Ma cosa ci guadagna la Rivoluzione nel sovvertire il Diritto
naturale? La risposta/spiegazione non può che essere “religiosa”: chi, al
vertice, organizza il disordine nel mondo, non ha guadagno “materiale” o in
moneta sonante. Il suo è soltanto “guadagno”
“spirituale” e “metafisico”; esso non consiste nella liberazione delle
persone in difficoltà (tale “liberazione” è una favola per ingenui: a costui
non ha mai importato nulla del “dolore” vero del prossimo!) a lui basta la
soddisfazione superba, diabolica, prometeica di contrastare il disegno di Dio;
però succede che, non potendo aggredire Dio, puro spirito che non vede e non
tocca, si rifà sulle sue creature e, soprattutto, sull’uomo che ne è immagine
privilegiata: in passato, a tal proposito si usavano parole come “mysterium
iniquitatis”; ora, però, il vocabolo “inìquitas”, troppo duro (in latino poi!)
è passato di moda, ma il “mistero del male” resta tutto intero e chiede
comunque un tentativo di spiegazione. So che l’argomento diventa “difficile”
anche per molti buoni fratelli non più abituati a simili discorsi; sicuramente
fa sorridere gli intellettuali boriosi; ridono in molti soprattutto se
politici, oscuri esecutori di ordini calati dall’alto. Io invece immagino che i
loro “superiori”, assisi nei sinedri delle logge, non ridano affatto; costoro,
anzi, credono in Dio (anche il Diavolo ci crede, e come!) ma Lo odiano insieme
al suo Disegno, al suo Vangelo, alla sua Religione, alla sua Chiesa Cattolica
e, in definitiva, all’uomo stesso.
Pertanto, se c’è
qualche volenteroso che voglia opporsi alla Rivoluzione, non deve far altro che
“il contrario della Rivoluzione” come
diceva Joseph De Maistre ai primi dell’800, cominciando a contrastare le
tendenze disordinate del proprio cuore: è un esercizio spirituale di cui, data
la “materia” montante delle “maggioranze” nel mondo molle di oggi, diviene
difficile perfino parlare con gli amici. Tuttavia questo è il solo modo per
l’inizio di un cambio di rotta: le impreviste, bellissime insorgenze di popolo
in occasione del referendum sulla “legge 40” (12/13-VI-2005) voluto dalle forze
anticattoliche e da queste perso rovinosamente e il “dies familiae” (15-V-2007)

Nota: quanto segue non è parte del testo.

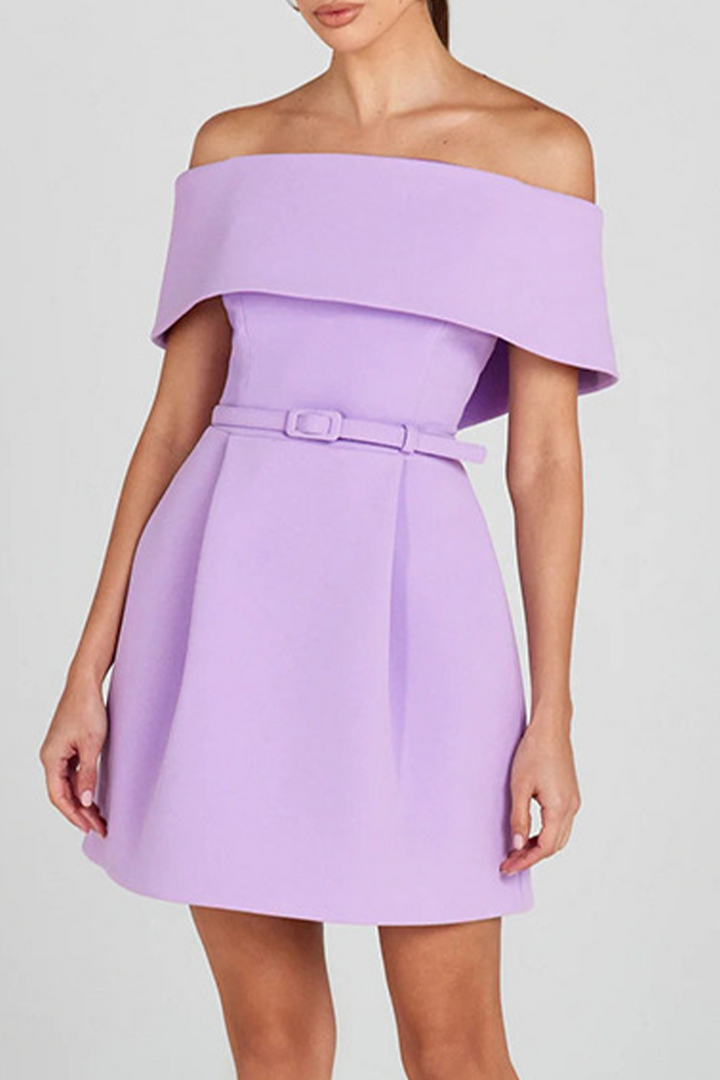 Drune | Sexy Einfarbige Tasche Schnürung Off Shoulder A Linie Kleider - 3 Farben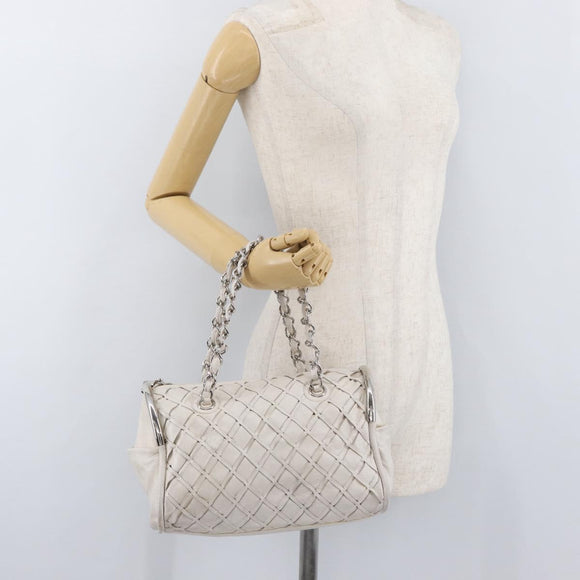 CHANEL Chain Hand Bag Leather White Silver CC Auth 132723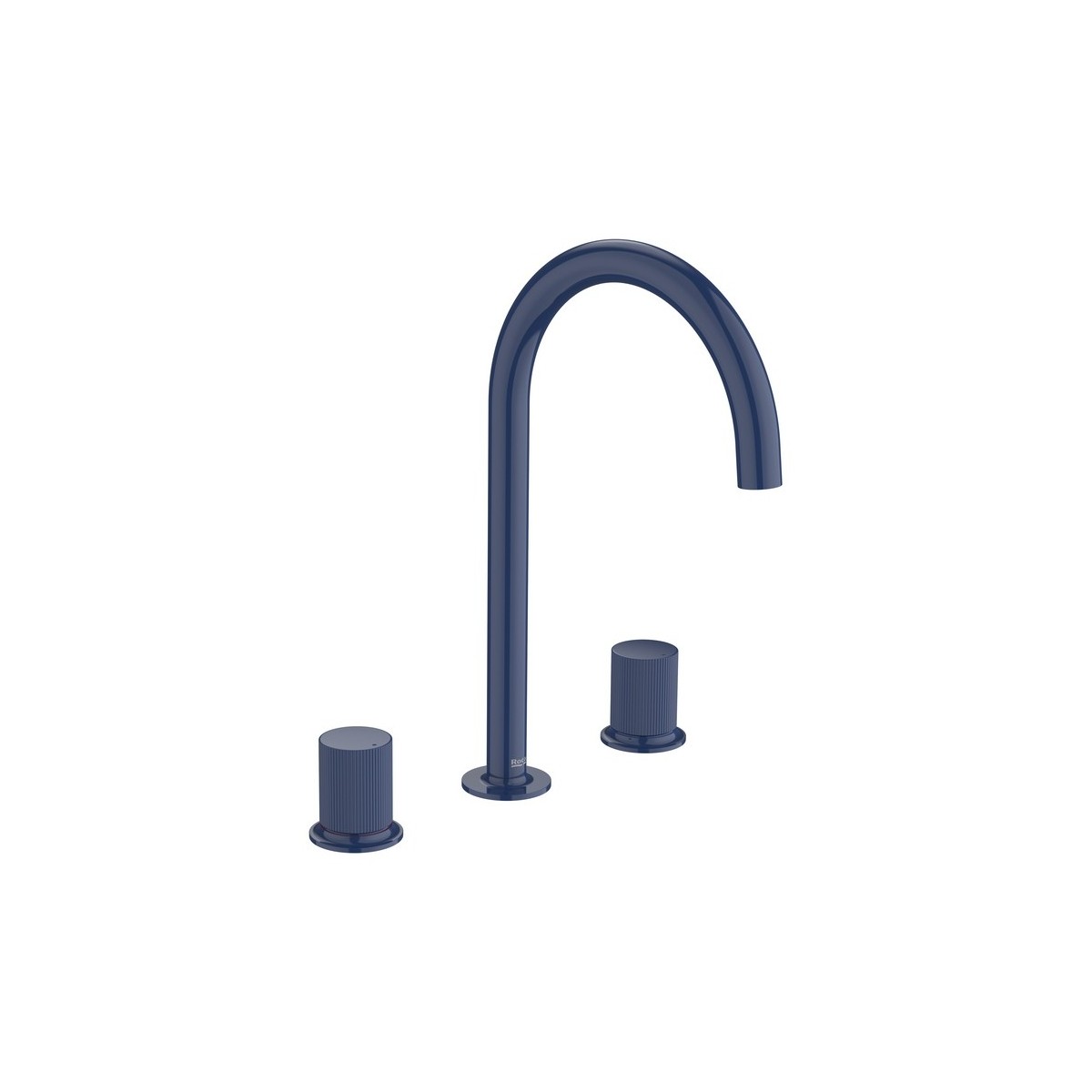 Nu mélangeur pour lavabo "l" 3 trous corps lisse poignées cannelées. bleu cobalt - ROCA A5A3E3FP00 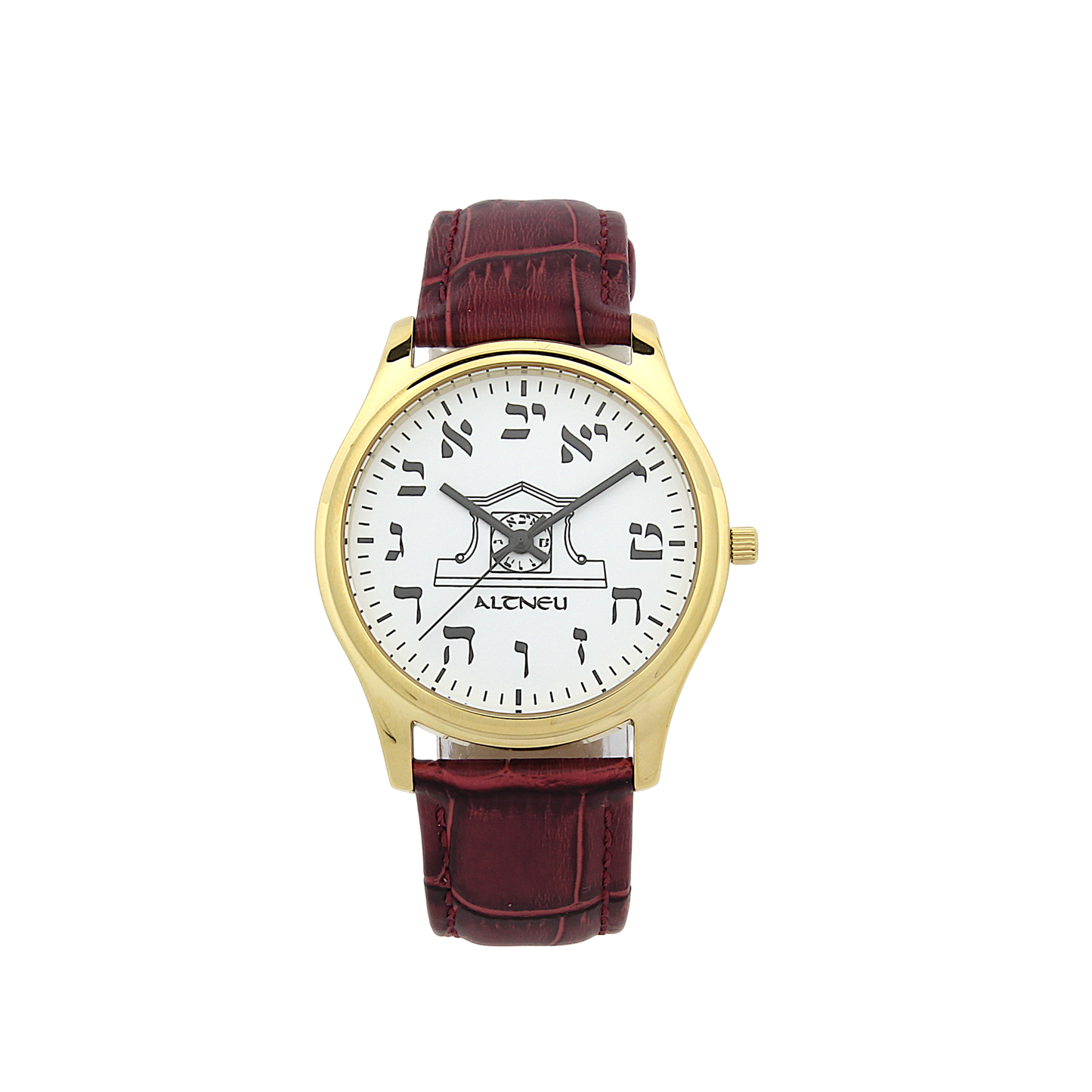 Mens Altneu Hebrew Backwards Watch - Burgundy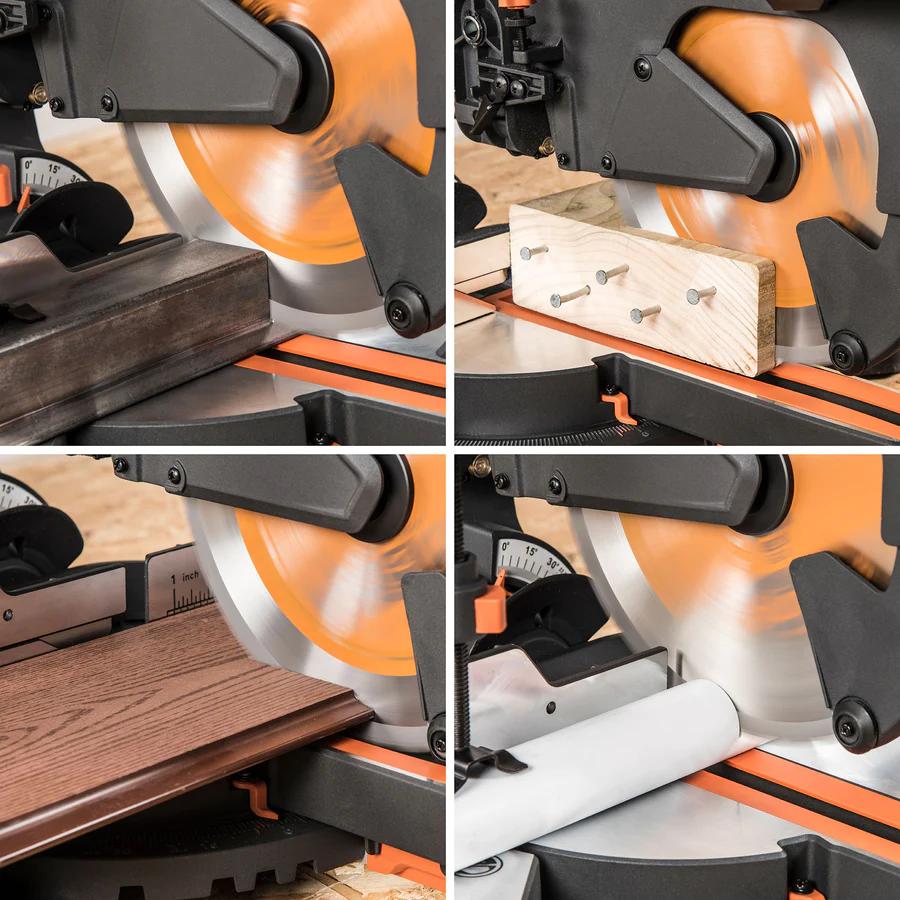 Evolution 10 in. Single Bevel Sliding Compound Miter Saw with Multi-Material Blade R255SMS+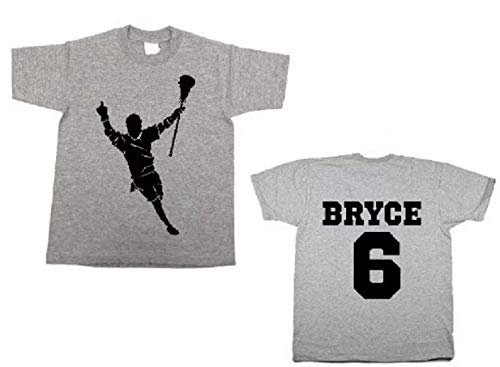 Personalized Custom Lacrosse Player Toddler Boys Girls kdis Youth Shirt Name Number White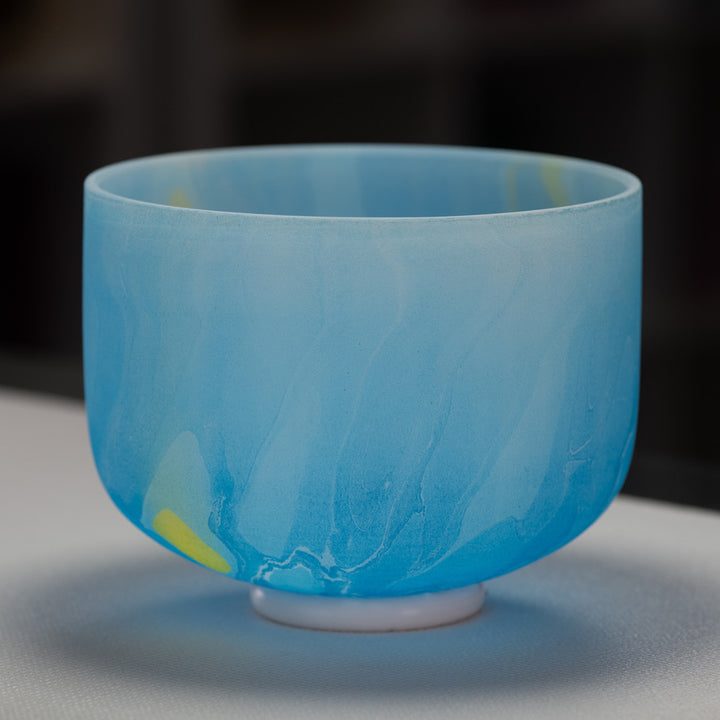10" G#-28 Blue Swirl Frosted Crystal Singing Bowl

che vide a Roma presso la Basilica di San Giovanni due milioni di persone, sono
segnali di un tale possibile “cambio”, ma possono venire solo dopo una
“metanoia” spirituale e personale.
Ricordo, qui di passaggio, che nel grandioso raduno di Roma,
Matteo Renzi disse: “non c’è bisogno di essere cattolici per difendere la
famiglia”; ma oggi, forse ha cambiato idea e, stando ad “Avvenire” (3-V-2015),
avrebbe dichiarato: “Il divorzio breve è
legge. Un altro impegno mantenuto. Avanti, è la volta buona”. Spero che ciò non
sia vero ché, altrimenti, quando il giovine cattolico Renzi, manderà anche a me
la classica letterina elettorale con “Caro amico…” saprò cosa fare!